Краем глаза — страница 108 из 123

Заметить краску румянца на смуглой коже Пола обычно удавалось с трудом, то тут его лицо цветом практически сравнялось с рыжими волосами. От смущения он даже не мог заставить себя встретиться взглядом с Целестиной.

– Я не герой, – пролепетал он. – Я вытащил вашу мать из огня в процессе спасения собственной жизни.

– Хорош процесс. – По голосу чувствовалось, что Грейс такой скромности не одобряла.

Ангел, которая во время этого разговора разбиралась с пирожным, слизнула с губ крошки и спросила Пола:

– У тебя есть щенок?

– Щенков, к сожалению, нет.

– А коза у тебя есть?

– В своем решении приехать ко мне в гости ты будешь исходить из того, есть ли у меня коза?

– Это зависит.

– От чего? – спросил Пол.

– Коза живет в доме или во дворе?

– Вообще-то, козы у меня нет.

– Хорошо. А сыр у тебя есть?

Знаком Целестина показала, что хочет поговорить с Томом наедине. И пока Ангел продолжала донимать Пола Дамаска бесконечными вопросами, отвела его к большому окну, подальше от обеденного стола.
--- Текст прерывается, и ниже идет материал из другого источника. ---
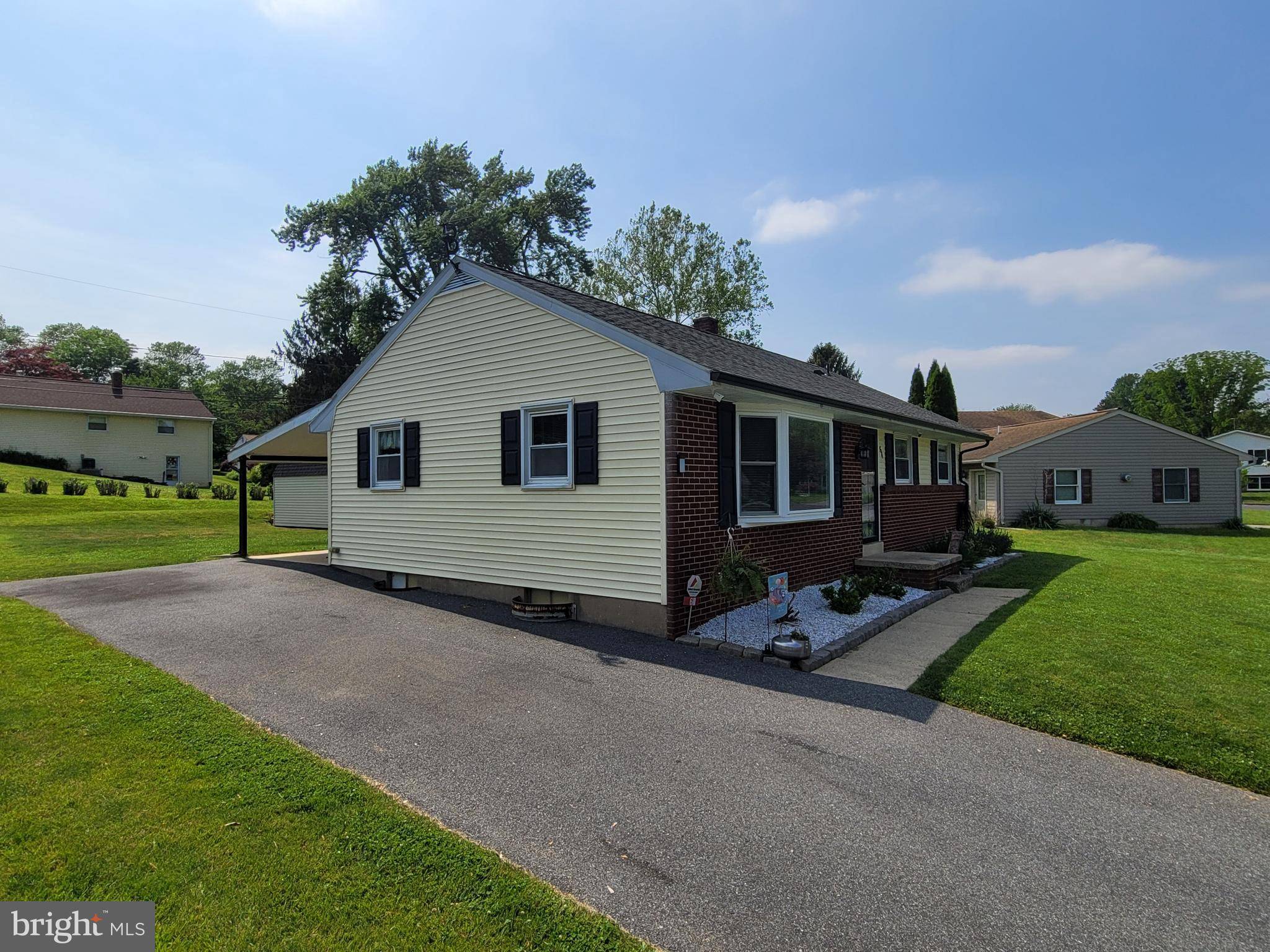 Lancaster, PA 17603,64 ALLAN DR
Ночь уже накрыла город темным покрывалом, сквозь которое поблескивали миллионы огней.

Какое-то время Целестина смотрела на них, потом повернулась к Тому. Ее глаза сверкали отблеском огней мегаполиса.

– И что все это значило?

Он подумал о том, чтобы сыграть под дурачка, но знал, что она слишком умна, чтобы поверить ему.

– Ты про «Дымящееся ружье»? Послушай, я понимаю, что ты сделаешь все необходимое для безопасности Ангел, потому что ты очень ее любишь. Любовь придает тебе сил и решительности. Но вот что тебе надо знать… Ты должна беречь ее и по другой причине. Она – не такая, как все. Я не хочу объяснять, что в ней особенного или откуда мне это известно, потому что не время сейчас говорить об этом. Твой отец только что умер, Уолли в больнице, ты не пришла в себя после нападения Еноха Каина.

– Но я должна знать.

Том кивнул:

– Должна. Да. Но тебе нет необходимости узнавать об этом здесь и сейчас. Я расскажу все потом, когда ты станешь спокойнее и у тебя полностью прояснится в голове. Это слишком важный разговор. Ты пока к нему не готова.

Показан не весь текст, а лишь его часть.